Line-by-line explanation between C source and IR:
```c
C Source IR Explanation
------------------+---------------------------------------+----------------------------------------------------------------------------------

int fib(int n) def int @fib(int %n) Indicate a function definition
{ {
if (n == 0) const %.t1001, $0 Load constant 0 into a temporary variable ".t1001"
%.t1002 = eq %n, %.t1001 Test "n" equals ".t1001" or not, and write the result in temporary variable ".t1002"
br %.t1002, .label.1177, .label.1178 If ".t1002" equals zero, goto false label ".label.1178", otherwise,
goto true label ".label.1177"
.label.1177
return 0; const %.t1003, $0 Load constant 0 into a temporary variable ".t1003"
ret %.t1003 Return ".t1003"
j .label.1184 Jump to endif label ".label.1184"
.label.1178
else if (n == 1) const %.t1004, $1 Load constant 1 into a temporary variable ".t1004"
%.t1005 = eq %n, %.t1004 Test "n" equals ".t1004" or not, and write the result in temporary variable ".t1005"
br %.t1005, .label.1183, .label.1184 If ".t1005" equals zero, goto false label ".label.1184". Otherwise,
goto true label ".label.1183"
.label.1183
return 1; const %.t1006, $1 Load constant 1 into a temporary variable ".t1006"
ret %.t1006 Return ".t1006"
.label.1184
return
fib(n - 1) const %.t1007, $1 Load constant 1 into a temporary variable ".t1007"
%.t1008 = sub %n, %.t1007 Subtract ".t1007" from "n", and store the result in temporary variable ".t1008"
push %.t1008 Prepare parameter for function call
call @fib, 1 Call function "fib" with one parameter
+ retval %.t1009 Store return value in temporary variable ".t1009"
fib(n - 2); const %.t1010, $2 Load constant 2 into a temporary variable ".t1010"
%.t1011 = sub %n, %.t1010 Subtract ".t1010" from "n", and store the result in temporary variable ".t1011"
push %.t1011 Prepare parameter for function call
call @fib, 1 Call function "fib" with one parameter
retval %.t1012 Store return value in temporary variable ".t1012"
%.t1013 = add %.t1009, %.t1012 Add ".t1009" and ".t1012", and store the result in temporary variable ".t1013"
ret %.t1013 Return ".t1013"
} }
```

## Known Issues

1. The generated ELF lacks of .bss and .rodata section
2. The support of varying number of function arguments is incomplete.

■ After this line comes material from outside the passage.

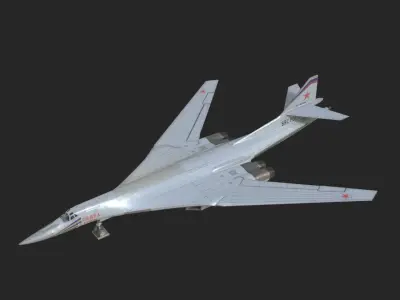 Russian Air Force Tu-160M Blackjack Supersonic Strategic bomber Low-poly 3D model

No `` can be used.
Alternatively, check the implementation `printf` in source `lib/c.c` for `var_arg`.
3. The C front-end is a bit dirty because there is no effective AST.

## License

`shecc` is freely redistributable under the BSD 2 clause license.
Use of this source code is governed by a BSD-style license that can be found in the `LICENSE` file.